Pendant 24 heures suite à la chirurgie, la condition de l’animal devra être suivie de façon aussi rigoureuse parce que ce dernier demeure à risque de développer un choc circulatoire, des troubles du rythme cardiaque ainsi que des débalancements électrolytiques. De plus, il faudra lui administrer des analgésiques afin de contrôler sa douleur. À cause de l’inflammation dans l’estomac et dans l’œsophage, il sera plus à risque de développer une pneumonie par aspiration (inhalation du contenu gastrique). Il devra donc être surveillé étroitement pour toute apparition de fièvre, de difficulté respiratoire ou de bruits anormaux entendus pendant l’auscultation de ses poumons.

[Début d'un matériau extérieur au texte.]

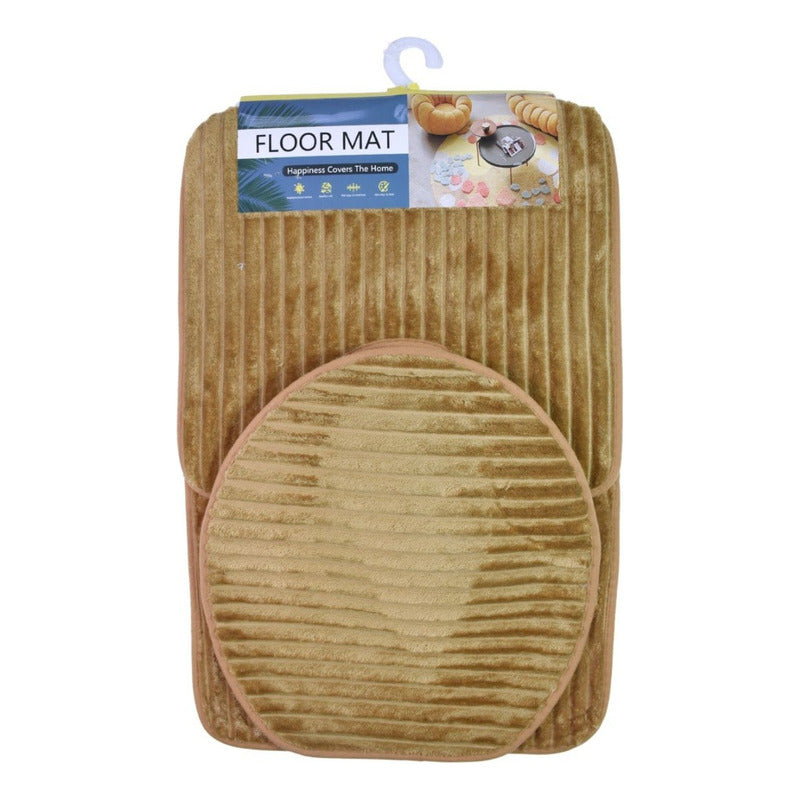Set De Alfombras Para Baño 3 Pcs Con Relieve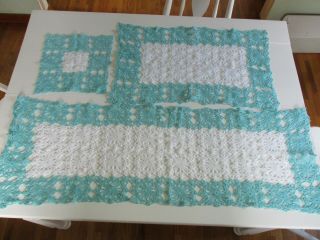 Vintage Hand Crocheted Dresser Scarf Table Runner Doilies Aqua/turquoise & White
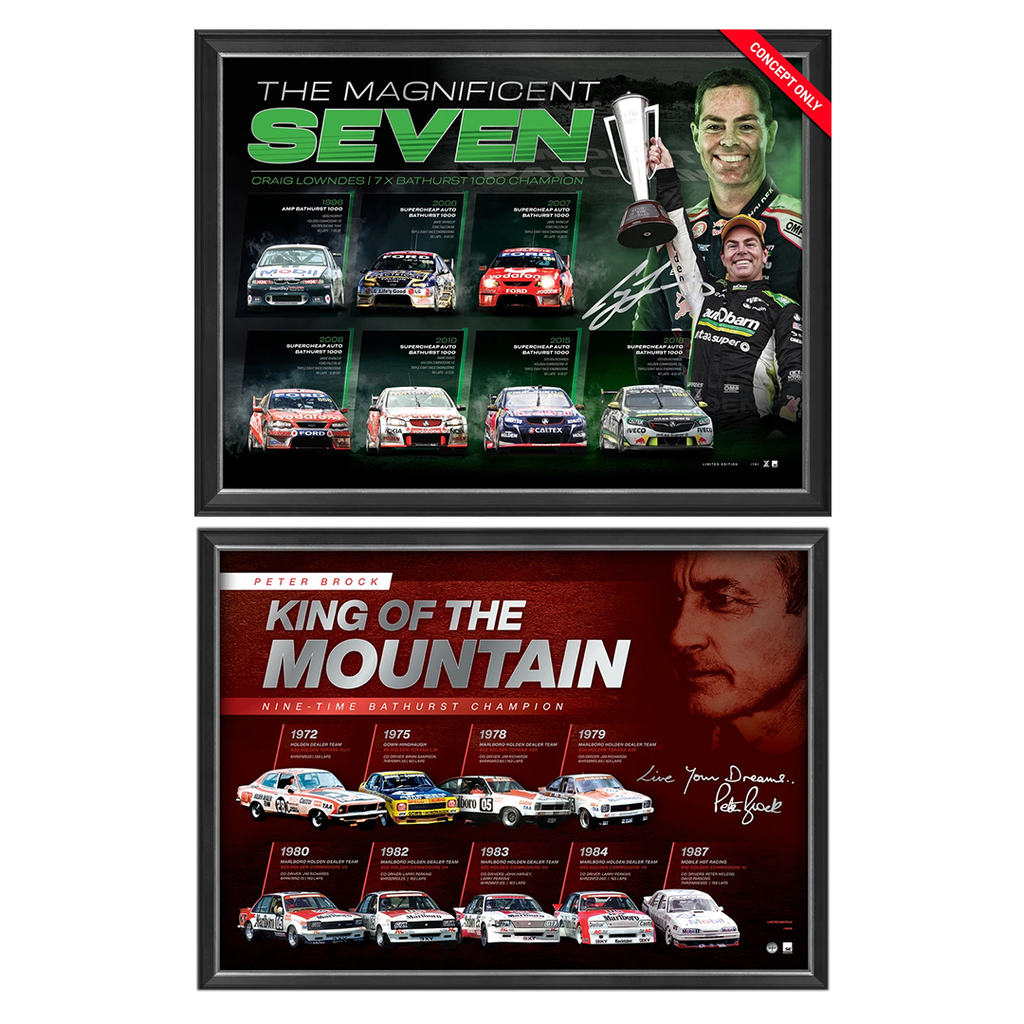 Peter Brock & Craig Lowndes Signed Print Framed Package - 4813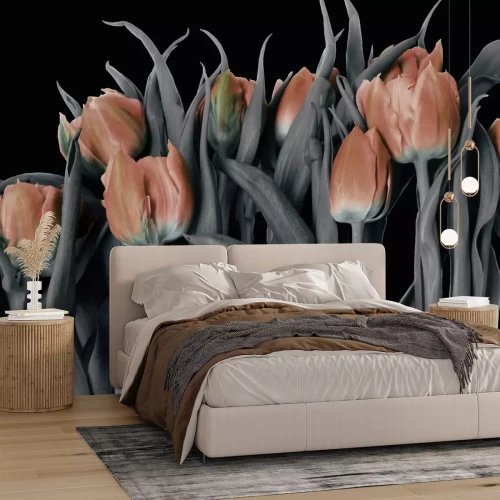 Fototapete Orange Tulpen auf schwarzem Hintergrund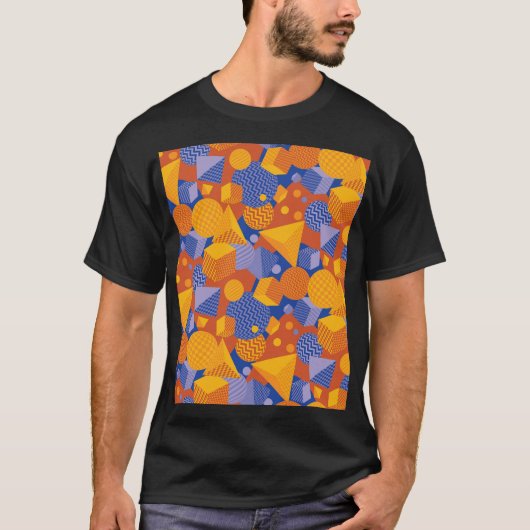 Fun Geometric Orange Violet Muster T-Shirt (Vorderseite)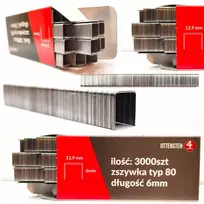 Apmušalų segikliai 6mm, skirti segikliams Typ80 / Ga21 / 380, cinkuoti, 3000 vnt.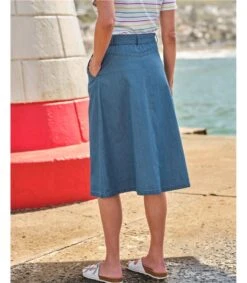 Jupe Mi-longue Boutonnée En Chambray - Femme 7 Jupe Mi-longue Boutonnée En Chambray - Femme -Woolovers 221135 j578l chambrayblue w 8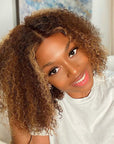 Mix Color Brown Kinky Curly Short Cut Glueless Lace Closure Wig
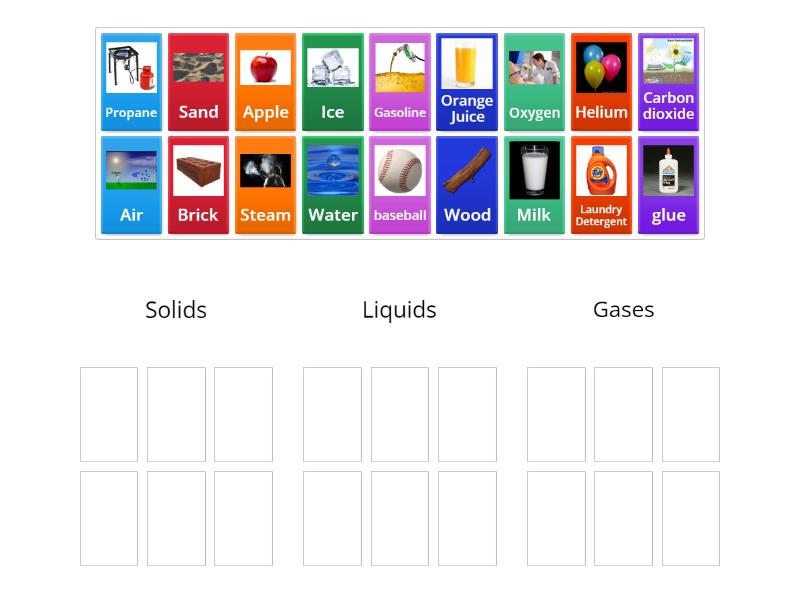 CAX KS3 Solids, Liquids and Gases, examples Ordenar por grupo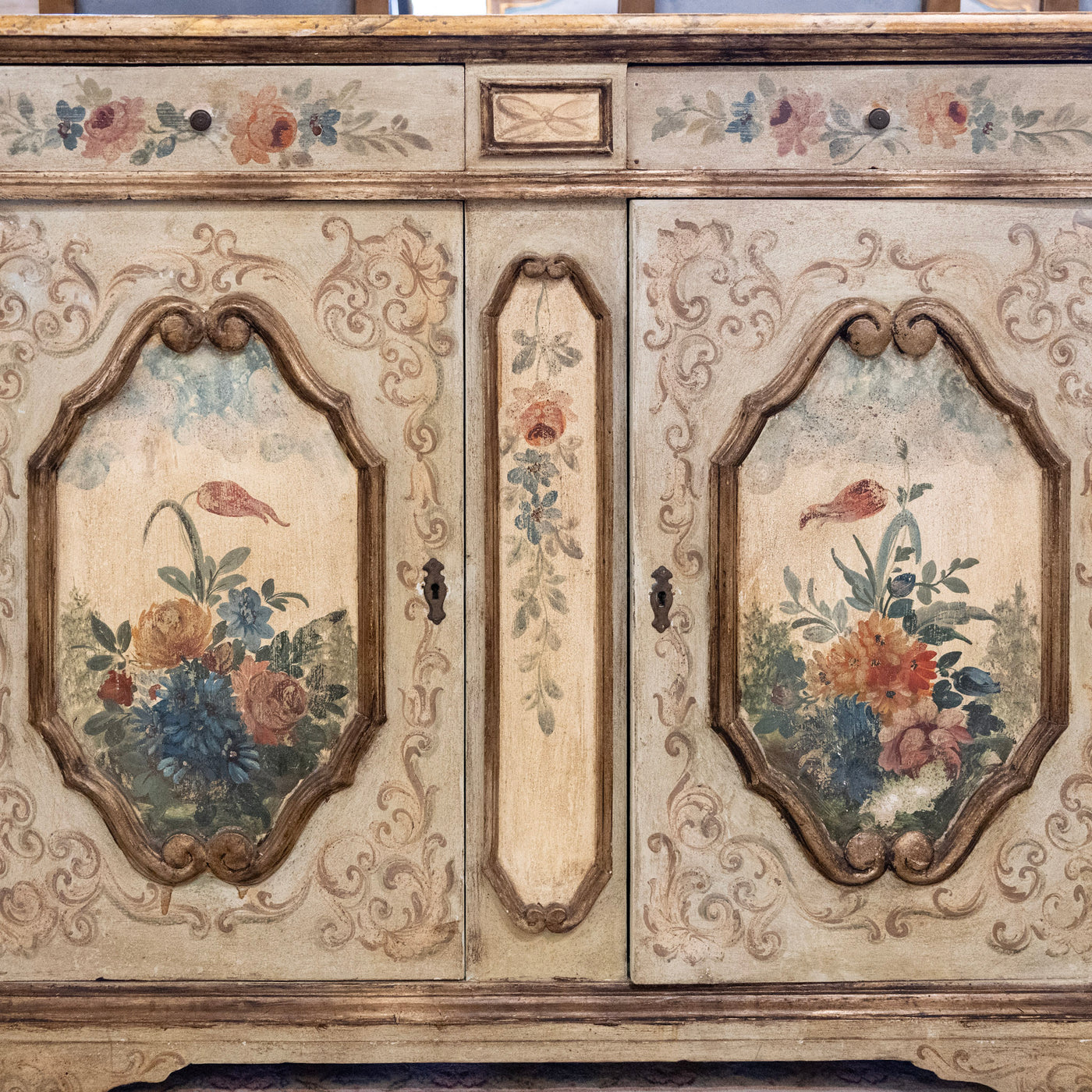 Italian Hand-Painted Soft Green Floral Sideboard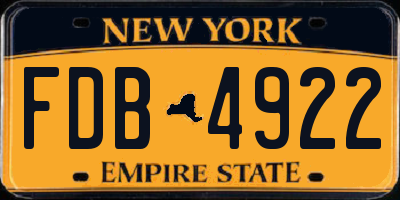 NY license plate FDB4922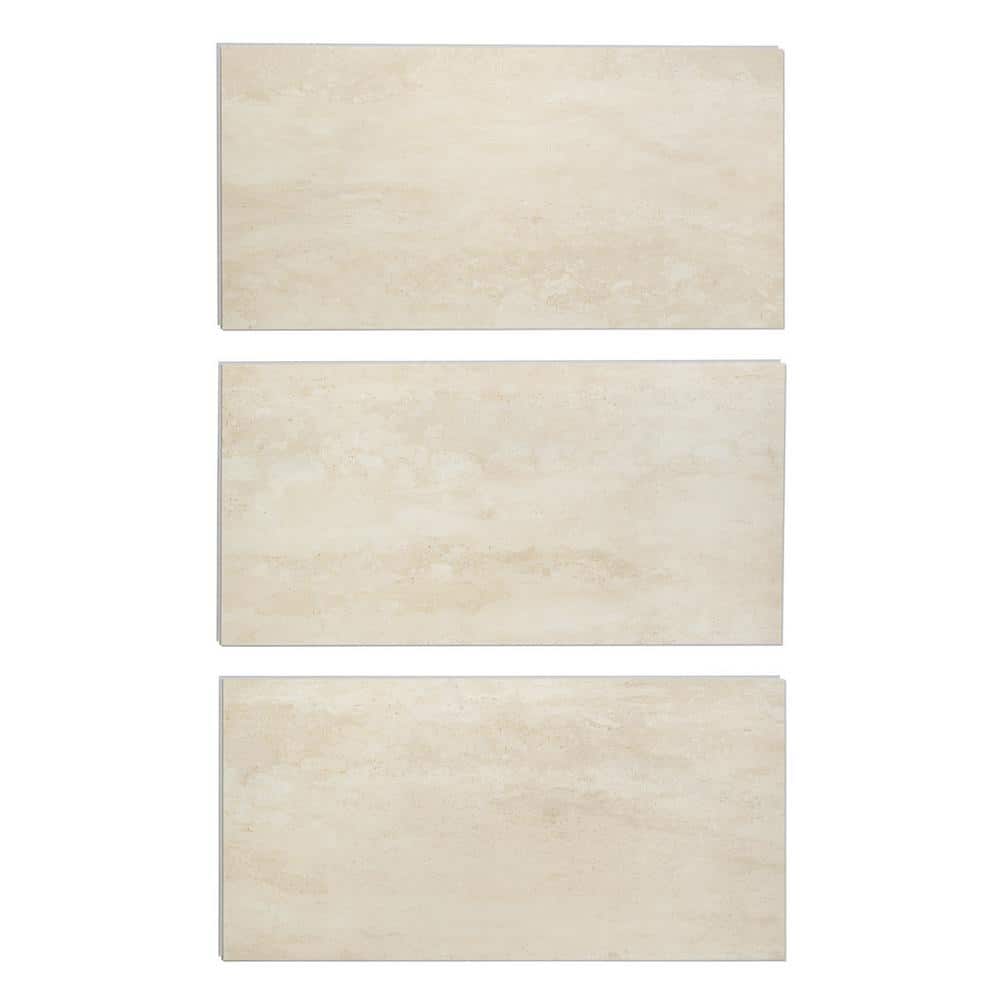 Cream Beige 24" x 12" Waterproof Vinyl Tile Flooring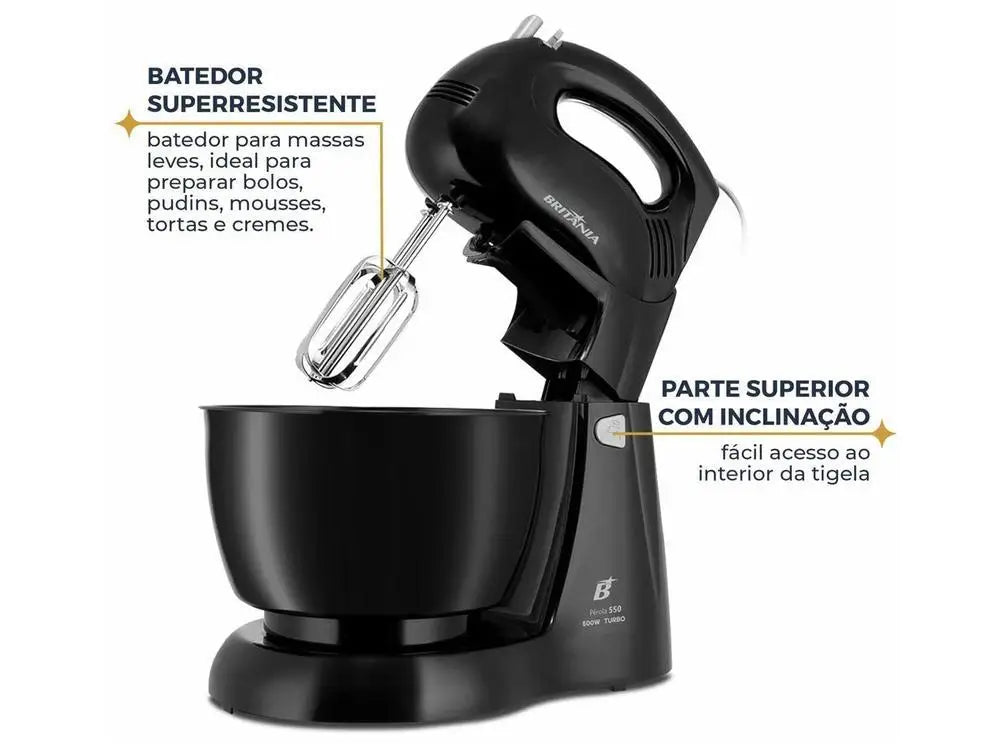 Britânia Black 500W Mixer with 4 Speeds, 4.3L Capacity, Pearl 550 - 220V
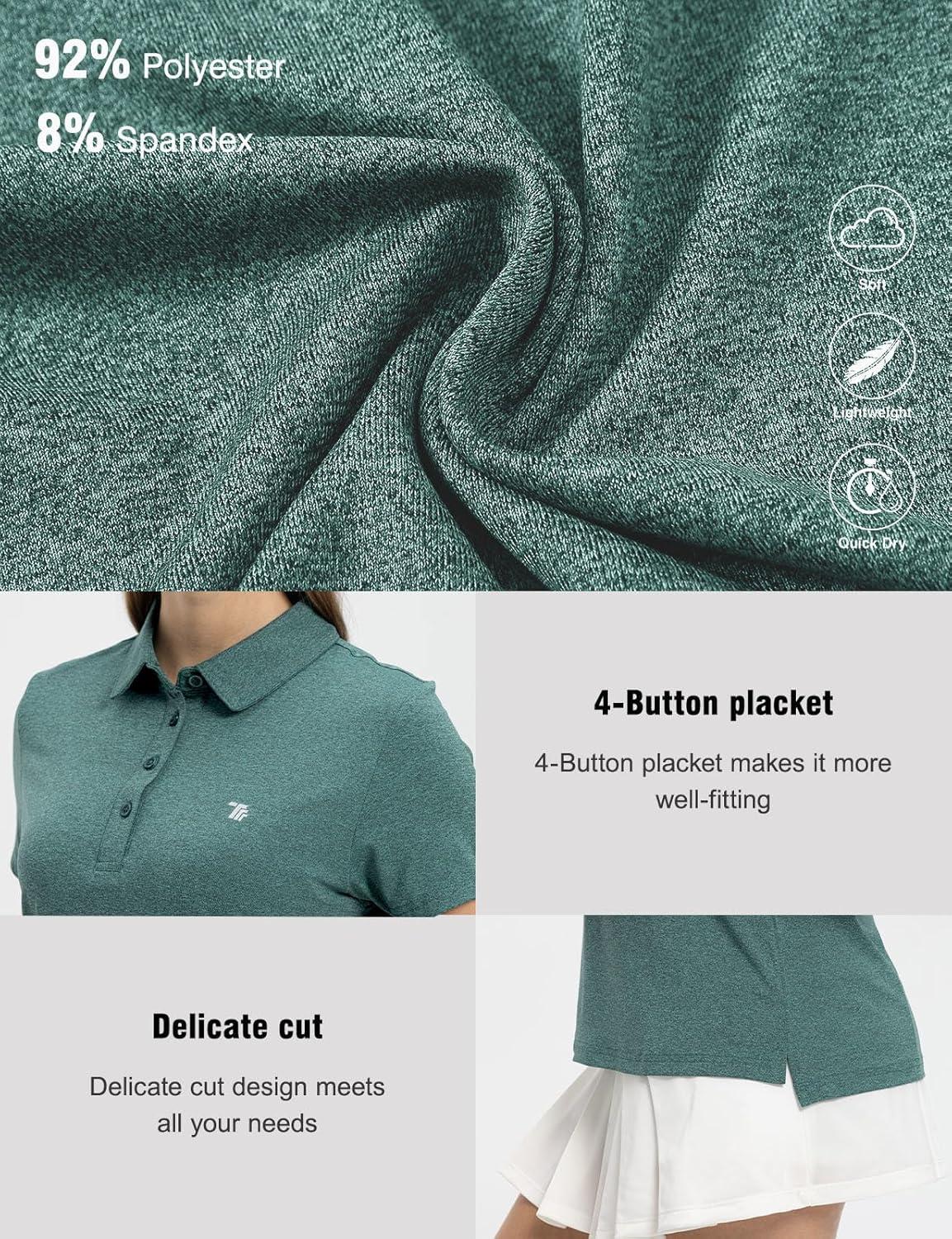 imageTBMPOY Womens Golf Polo Short Sleeve Shirts Lightweight Moisture Wicking Collared T Shirt Quick Dry 4ButtonB12blue Green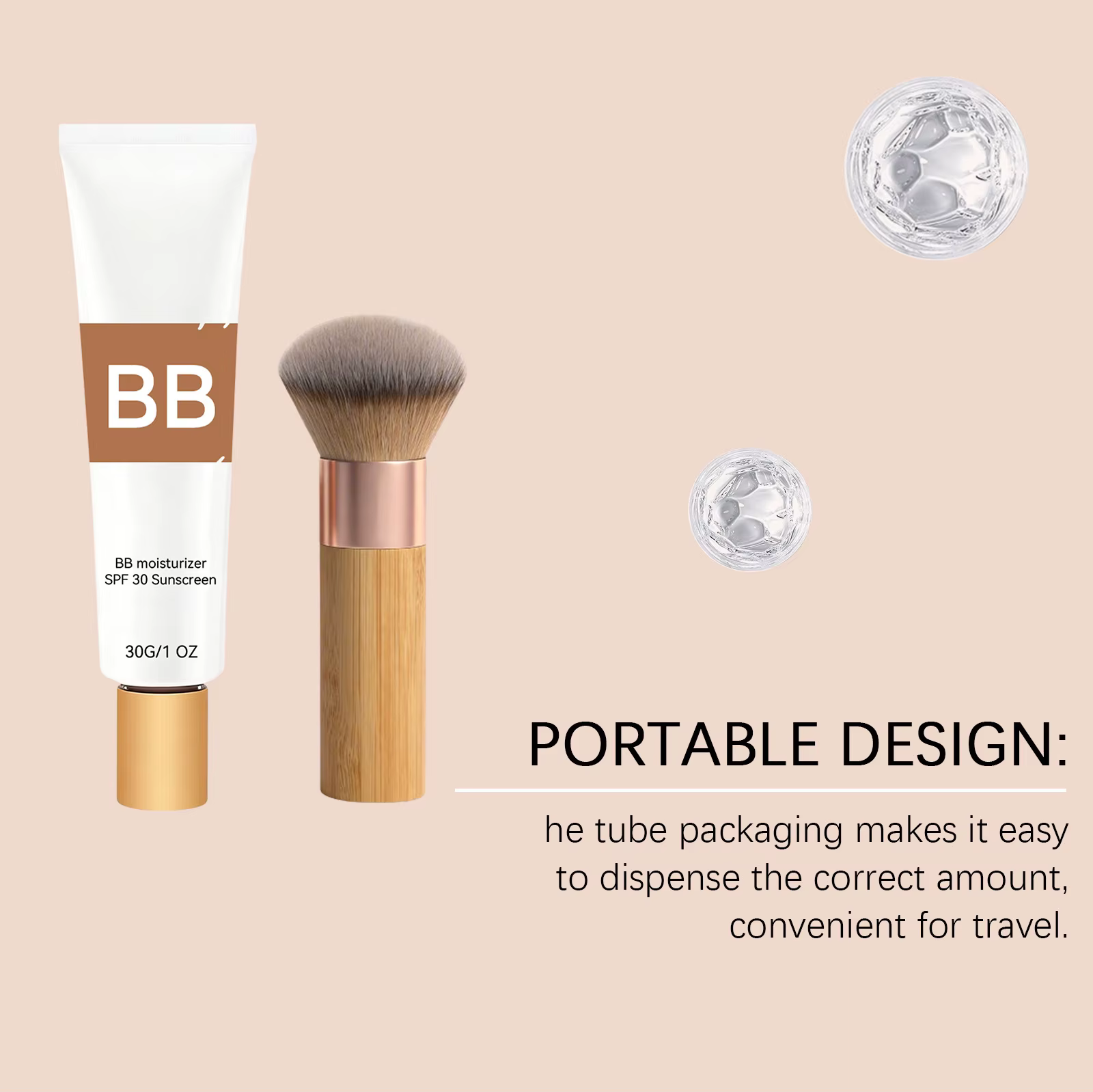 Crème BB Teintée Protection Solaire SPF 30++ Couvrance Totale Pores Invisibles Anti-Acné Éclaircissant Maquillage Nude Kit Fond de Teint Visage Waterproof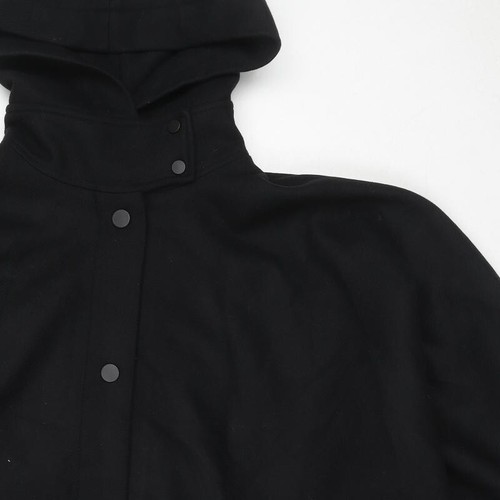 Zara Mens Black Pea Coat Poncho Size M Snap Pit to Pit 52'' - Picture 5 of 10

On le maintiendra à jeûn durant au moins les premiers 8 à 12 heures après la chirurgie puis on commemcera la réalimentation de manière progressive à l’aide d’une sorte de nourriture facilement digestible. Pendant cette période, on lui procurera des antivomitifs qui, en plus de prévenir les vomissements, vont stimuler sa motilité gastrique.
Bien que la torsion gastrique soit une condition qui mette la vie de l’animal en danger, depuis l’amélioration des mesures de soins intensifs, le taux de mortalité est passé d’environ 45% à 15% dans certaines pratiques.